Now that we have covered the major Kubernetes objects we need to run our calculator app, let us run the whole thing to see it in action. In the application source code, we have a manifests
folder, which contains YAML files with the definitions of the Deployments and Services of the distributed calculator app. The manifest files define ClusterIP Services for the APIs and a LoadBalancer Service for the calculator app.

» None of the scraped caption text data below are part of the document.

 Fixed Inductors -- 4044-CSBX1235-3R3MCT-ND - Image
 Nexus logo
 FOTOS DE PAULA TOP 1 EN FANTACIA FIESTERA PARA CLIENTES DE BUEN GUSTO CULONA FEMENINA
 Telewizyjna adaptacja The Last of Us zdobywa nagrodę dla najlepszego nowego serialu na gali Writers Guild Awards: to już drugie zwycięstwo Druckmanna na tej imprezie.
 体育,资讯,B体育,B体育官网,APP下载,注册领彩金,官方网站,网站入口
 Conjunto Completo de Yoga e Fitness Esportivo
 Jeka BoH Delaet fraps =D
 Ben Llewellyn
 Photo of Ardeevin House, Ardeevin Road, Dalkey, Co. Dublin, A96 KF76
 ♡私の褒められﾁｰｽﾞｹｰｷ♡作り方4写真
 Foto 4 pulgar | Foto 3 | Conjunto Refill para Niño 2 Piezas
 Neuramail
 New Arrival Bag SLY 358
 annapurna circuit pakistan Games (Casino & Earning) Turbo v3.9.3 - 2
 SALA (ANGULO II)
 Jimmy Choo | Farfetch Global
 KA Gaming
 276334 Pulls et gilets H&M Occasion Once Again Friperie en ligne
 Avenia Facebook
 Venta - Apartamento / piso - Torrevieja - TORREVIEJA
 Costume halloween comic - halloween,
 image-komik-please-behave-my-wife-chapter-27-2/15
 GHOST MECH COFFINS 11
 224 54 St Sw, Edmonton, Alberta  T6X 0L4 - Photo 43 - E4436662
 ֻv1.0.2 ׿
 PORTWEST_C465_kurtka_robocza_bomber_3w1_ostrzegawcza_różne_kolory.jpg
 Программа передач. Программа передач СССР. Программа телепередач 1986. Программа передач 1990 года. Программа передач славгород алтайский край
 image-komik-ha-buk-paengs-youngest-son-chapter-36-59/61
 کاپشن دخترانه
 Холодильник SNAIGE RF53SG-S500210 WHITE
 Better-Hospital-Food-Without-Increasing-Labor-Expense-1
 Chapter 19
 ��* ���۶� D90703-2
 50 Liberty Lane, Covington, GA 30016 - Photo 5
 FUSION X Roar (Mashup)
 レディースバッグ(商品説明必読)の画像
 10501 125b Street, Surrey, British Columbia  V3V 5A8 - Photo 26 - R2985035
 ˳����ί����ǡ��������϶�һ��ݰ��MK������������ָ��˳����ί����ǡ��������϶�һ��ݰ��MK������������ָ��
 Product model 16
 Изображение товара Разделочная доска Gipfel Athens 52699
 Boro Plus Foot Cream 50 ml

We can run the distributed calculator app using the following commands
kubectl apply -f https://raw.githubusercontent.com/Thwani47/distributed-calculator/master/src/manifests/nestjs-divider-deployment.yaml
# deployment.apps/nestjs-divider-deployment created
# service/nestjs-divider created
kubectl apply -f https://raw.githubusercontent.com/Thwani47/distributed-calculator/master/src/manifests/go-subtractor-deployment.yaml
# deployment.apps/go-subtractor-deployment created
# service/go-subtractor created
kubectl apply -f https://raw.githubusercontent.com/Thwani47/distributed-calculator/master/src/manifests/csharp-adder-deployment.yaml
# deployment.apps/csharp-adder-deployment created
# service/csharp-adder created
kubectl apply -f https://raw.githubusercontent.com/Thwani47/distributed-calculator/master/src/manifests/flask-multiplier-deployment.yaml
# deployment.apps/flask-multiplier-deployment created
# service/flask-multiplier created
kubectl apply -f https://raw.githubusercontent.com/Thwani47/distributed-calculator/master/src/manifests/calculator-deployment.yaml
# deployment.apps/calculator-deployment created
# service/calculator-service created
Now if we run kubectl get all
, we will see all the resources that have been created.
kubectl get all
# NAME READY STATUS RESTARTS AGE
# pod/calculator-deployment-6dfddc9c56-rmsk4 1/1 Running 0 101s
# pod/csharp-adder-deployment-5945454df8-fhmf8 1/1 Running 0 2m25s
# pod/flask-multiplier-deployment-756d96c7fd-5b9sx 1/1 Running 0 2m4s
# pod/go-subtractor-deployment-5ff5d997db-cvvvt 1/1 Running 0 2m41s
# pod/nestjs-divider-deployment-c8dd85b56-bcqqc 1/1 Running 0 3m14s
# NAME TYPE CLUSTER-IP EXTERNAL-IP PORT(S) AGE
# services/calculator-service LoadBalancer 10.109.13.40 localhost 3000:32277/TCP 101s
# services/csharp-adder ClusterIP 10.99.71.195 <none> 8080/TCP 2m25s
# services/flask-multiplier ClusterIP 10.111.134.130 <none> 5000/TCP 2m4s
# services/go-subtractor ClusterIP 10.109.25.228 <none> 8000/TCP 2m41s
# services/nestjs-divider ClusterIP 10.97.164.61 <none> 3000/TCP 3m14s
# NAME READY UP-TO-DATE AVAILABLE AGE
# deployment.apps/calculator-deployment 1/1 1 1 101s
# deployment.apps/csharp-adder-deployment 1/1 1 1 2m25s
# deployment.apps/flask-multiplier-deployment 1/1 1 1 2m4s
# deployment.apps/go-subtractor-deployment 1/1 1 1 2m41s
# deployment.apps/nestjs-divider-deployment 1/1 1 1 3m14s
# NAME DESIRED CURRENT READY AGE
# replciaset.apps/calculator-deployment-6dfddc9c56 1 1 1 101s
# replciaset.apps/csharp-adder-deployment-5945454df8 1 1 1 2m25s
# replciaset.apps/flask-multiplier-deployment-756d96c7fd 1 1 1 2m4s
# replciaset.apps/go-subtractor-deployment-5ff5d997db 1 1 1 2m41s
# replciaset.apps/nestjs-divider-deployment-c8dd85b56 1 1 1 3m14s
We can see that our calculator-service
is the only service that has an EXTERNAL-IP
, which is localhost
in this case. We can access the calculator app by navigating to localhost:3000
in our browser, and we should see the calculator app running:
Conclusion
In this blog post, we covered how to run a local Kubernetes cluster on our machines. We went through how to deploy Pods, Replication Controllers, ReplicaSets, Deployments, and Services. We also ran a distributed calculator app on our local Kubernetes cluster. In the next blog post, we will be going through how to deploy the calculator app on an Azure Kubernetes cluster using the Azure Kubernetes Service (AKS).